Assignment. What you should write out is every line from the one containing "Mastering D3.js Sample Chapter" to the end of the data, exactly and with nothing else.

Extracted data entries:

=====

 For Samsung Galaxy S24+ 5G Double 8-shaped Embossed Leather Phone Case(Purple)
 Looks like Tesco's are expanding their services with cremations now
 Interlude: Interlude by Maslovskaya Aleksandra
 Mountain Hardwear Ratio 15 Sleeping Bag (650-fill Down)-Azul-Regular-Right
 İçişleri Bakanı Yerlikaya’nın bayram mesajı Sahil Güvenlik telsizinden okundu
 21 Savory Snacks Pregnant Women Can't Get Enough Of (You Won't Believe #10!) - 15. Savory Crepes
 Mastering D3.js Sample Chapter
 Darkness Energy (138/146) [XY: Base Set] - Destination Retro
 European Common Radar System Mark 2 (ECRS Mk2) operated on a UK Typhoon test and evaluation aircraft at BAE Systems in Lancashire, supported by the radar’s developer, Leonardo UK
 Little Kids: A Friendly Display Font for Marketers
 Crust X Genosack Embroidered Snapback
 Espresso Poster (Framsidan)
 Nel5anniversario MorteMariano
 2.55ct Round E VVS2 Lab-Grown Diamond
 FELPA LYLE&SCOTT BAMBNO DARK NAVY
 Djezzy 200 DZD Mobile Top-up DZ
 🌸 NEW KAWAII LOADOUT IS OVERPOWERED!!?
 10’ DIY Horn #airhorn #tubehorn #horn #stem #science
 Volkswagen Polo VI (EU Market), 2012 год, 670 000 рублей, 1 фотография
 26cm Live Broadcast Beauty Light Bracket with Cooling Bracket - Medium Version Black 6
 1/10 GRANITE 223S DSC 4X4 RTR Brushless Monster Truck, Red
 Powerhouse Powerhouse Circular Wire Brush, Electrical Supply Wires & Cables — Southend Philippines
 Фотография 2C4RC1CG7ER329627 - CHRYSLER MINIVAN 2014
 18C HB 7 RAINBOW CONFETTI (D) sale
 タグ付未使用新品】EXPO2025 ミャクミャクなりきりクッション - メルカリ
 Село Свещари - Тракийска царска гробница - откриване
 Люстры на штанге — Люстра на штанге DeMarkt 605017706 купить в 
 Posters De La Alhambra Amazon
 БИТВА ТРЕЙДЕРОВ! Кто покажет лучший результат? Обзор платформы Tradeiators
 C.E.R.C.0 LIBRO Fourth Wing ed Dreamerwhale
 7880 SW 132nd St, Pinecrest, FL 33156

=====

Solution to the problem.
 Mastering D3.js Sample Chapter
 Darkness Energy (138/146) [XY: Base Set] - Destination Retro
 European Common Radar System Mark 2 (ECRS Mk2) operated on a UK Typhoon test and evaluation aircraft at BAE Systems in Lancashire, supported by the radar’s developer, Leonardo UK
 Little Kids: A Friendly Display Font for Marketers
 Crust X Genosack Embroidered Snapback
 Espresso Poster (Framsidan)
 Nel5anniversario MorteMariano
 2.55ct Round E VVS2 Lab-Grown Diamond
 FELPA LYLE&SCOTT BAMBNO DARK NAVY
 Djezzy 200 DZD Mobile Top-up DZ
 🌸 NEW KAWAII LOADOUT IS OVERPOWERED!!?
 10’ DIY Horn #airhorn #tubehorn #horn #stem #science
 Volkswagen Polo VI (EU Market), 2012 год, 670 000 рублей, 1 фотография
 26cm Live Broadcast Beauty Light Bracket with Cooling Bracket - Medium Version Black 6
 1/10 GRANITE 223S DSC 4X4 RTR Brushless Monster Truck, Red
 Powerhouse Powerhouse Circular Wire Brush, Electrical Supply Wires & Cables — Southend Philippines
 Фотография 2C4RC1CG7ER329627 - CHRYSLER MINIVAN 2014
 18C HB 7 RAINBOW CONFETTI (D) sale
 タグ付未使用新品】EXPO2025 ミャクミャクなりきりクッション - メルカリ
 Село Свещари - Тракийска царска гробница - откриване
 Люстры на штанге — Люстра на штанге DeMarkt 605017706 купить в 
 Posters De La Alhambra Amazon
 БИТВА ТРЕЙДЕРОВ! Кто покажет лучший результат? Обзор платформы Tradeiators
 C.E.R.C.0 LIBRO Fourth Wing ed Dreamerwhale
 7880 SW 132nd St, Pinecrest, FL 33156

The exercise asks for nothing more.